- **Given data**:
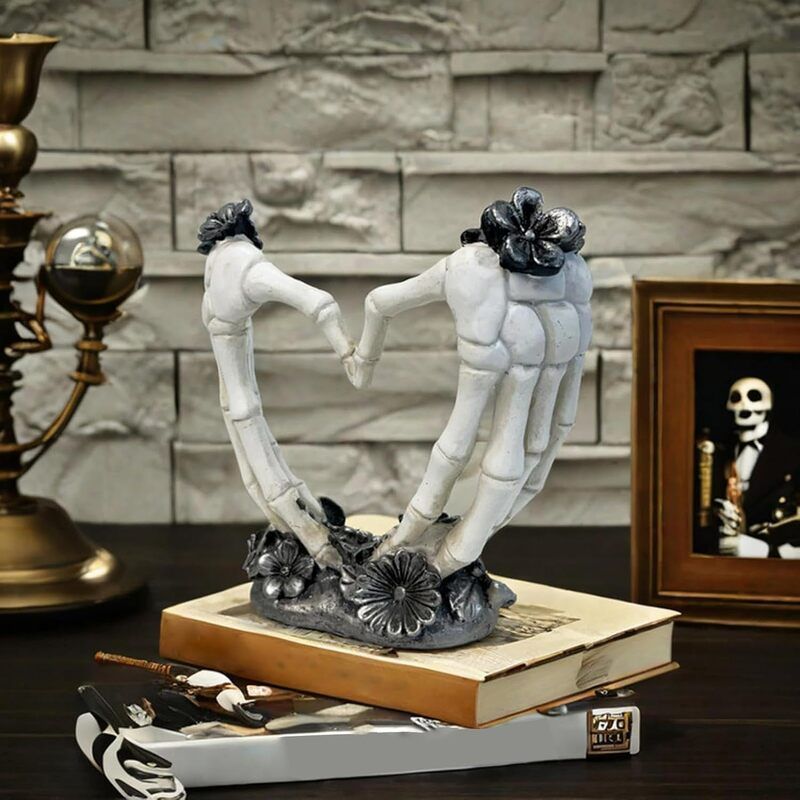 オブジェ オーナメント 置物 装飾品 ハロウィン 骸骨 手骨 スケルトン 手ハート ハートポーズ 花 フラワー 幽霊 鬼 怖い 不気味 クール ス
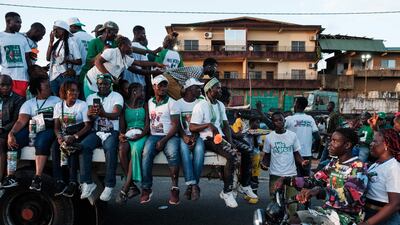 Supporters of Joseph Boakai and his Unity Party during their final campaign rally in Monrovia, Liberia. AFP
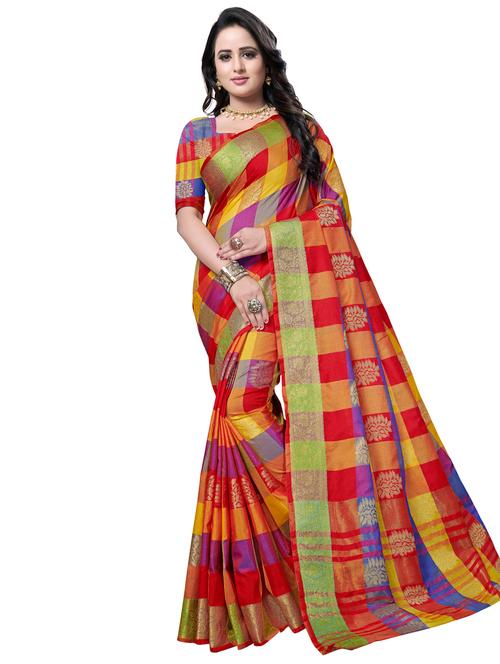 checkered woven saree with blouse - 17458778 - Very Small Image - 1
--
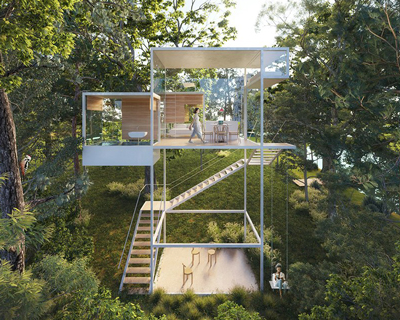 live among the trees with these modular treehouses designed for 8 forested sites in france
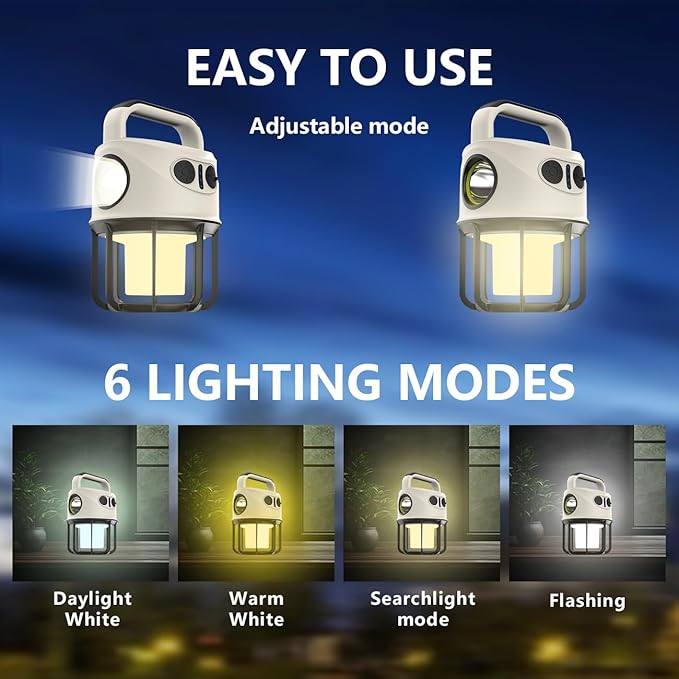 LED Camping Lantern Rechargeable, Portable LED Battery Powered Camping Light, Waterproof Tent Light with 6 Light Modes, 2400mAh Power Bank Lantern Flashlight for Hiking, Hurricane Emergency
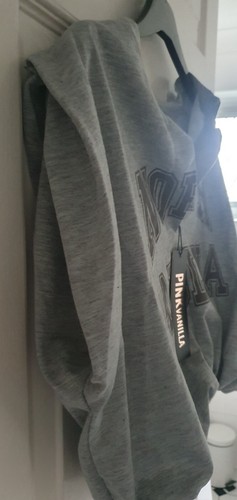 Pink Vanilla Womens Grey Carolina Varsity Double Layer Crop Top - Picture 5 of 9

- **Aim of the task**:
What you return must match, character for character, the lines above from the one with "オブジェ オーナメント 置物" through the one with "checkered woven saree", minus any pictures.

- **Exercise solution**:
 オブジェ オーナメント 置物 装飾品 ハロウィン 骸骨 手骨 スケルトン 手ハート ハートポーズ 花 フラワー 幽霊 鬼 怖い 不気味 クール ス
 Supporters of Joseph Boakai and his Unity Party during their final campaign rally in Monrovia, Liberia. AFP
 checkered woven saree with blouse - 17458778 - Very Small Image - 1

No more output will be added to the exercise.